The mystery of my grandmother’s existence – what was she like?  Who were her people?  — was really what drove me to genealogy.

Elizabeth May Holst was the middle child and only daughter of Charles and Hazel (Englehart) Holst, born on 25 June 1914, in Healdsburg, Sonoma, California.   Her brother Charles Junior (aka “Sonny”) was 5 years older, and her brother William (“Bill”) was 9 years younger.    There was a fourth child – a girl – stillborn in 1928.

Elizabeth’s parents referred to her as “Honey”; in her later years, her brothers-in-law would call her “Betty”.   (“Betty” is how I think of her, too, since I knew my grandfather’s brothers, and never knew her as a grandmother.)

Elizabeth_6thgradeClass - Copy

The girl circled in yellow is my grandmother, in the 6th grade.

Betty attended Healdsburg High, graduating in 1932.  I know she took Home Economics, as my mom has a bound set of handwritten notes and recipes Betty wrote down from class.


She may have taken music classes; in the above photo, taken in November 1930, she is playing the mandolin (third from right).

Grandma Mandolin

Grandma’s mandolin

Above is Betty’s mandolin, currently in my mom’s possession, on a rocking chair which belonged to Betty, and resting on a quilt Betty made.

Here is Elizabeth at 17, her senior picture:

Eliz age 17 - Copy

And below, is a photo from her high school graduation day.  She is at the ranch off Dry Creek Road, near Healdsburg.

Elizabeth_HSGraduation - Copy

It was in high school that Betty met James Diamantini, a first-generation American, whose parents were Italian Catholic immigrants from the Marche province of Italy.

Eliz and James - Copy

James and Elizabeth got married on 22 November 1934 in Healdsburg.  Elizabeth converted to Roman Catholicism prior to their marriage, and took the confirmation name of Catherine.  The strong Protestant heritage of my grandmother was something new I learned in my research and may explain why my great-grandmother did not attend her daughter’s wedding.

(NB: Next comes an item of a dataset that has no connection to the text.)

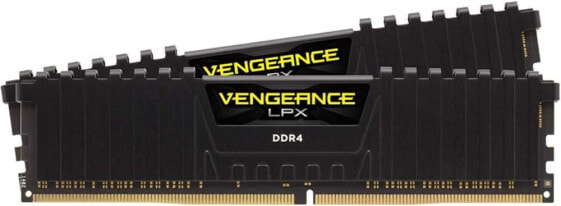 Corsair Vengeance LPX High Performance Desktop Memory Module, Black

MyGrandparents_WeddingDay - Copy

My grandparents on their wedding day.

After the wedding, my grandparents moved down to Tracy, California, in San Joaquin County,  where they ran a gas station.

Elizabeth at Gas Station

It was in Tracy where my mother was born about 16 months after my grandparents were married.


Mom, as a baby, with her mother.

My grandmother got pregnant a second time in 1940; unfortunately, the baby girl was stillborn in August 1940 in Tracy.  Sadly, my grandmother passed away a week after the stillbirth, the day she came home from the hospital.  She was only 26 years old; my mother was just 4.


Elizabeth is buried in Oak Mound Cemetery, in Healdsburg.